BRIEF -
In the records below, begin at the line containing "526 Chatham Hill Rd, Marion, VA 24354" and end at the line containing "Η Άννα Βίσση"; quote every line in that span exactly, including both boundary lines, and no others.

DATA IN THIS EXERCISE -
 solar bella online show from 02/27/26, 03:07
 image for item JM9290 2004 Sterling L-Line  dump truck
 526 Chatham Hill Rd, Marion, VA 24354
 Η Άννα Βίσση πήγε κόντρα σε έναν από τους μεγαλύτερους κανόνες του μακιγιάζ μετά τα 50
==
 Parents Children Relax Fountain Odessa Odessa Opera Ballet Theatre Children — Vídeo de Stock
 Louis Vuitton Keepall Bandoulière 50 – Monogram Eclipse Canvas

ANSWER TO THIS EXERCISE -
 526 Chatham Hill Rd, Marion, VA 24354
 Η Άννα Βίσση πήγε κόντρα σε έναν από τους μεγαλύτερους κανόνες του μακιγιάζ μετά τα 50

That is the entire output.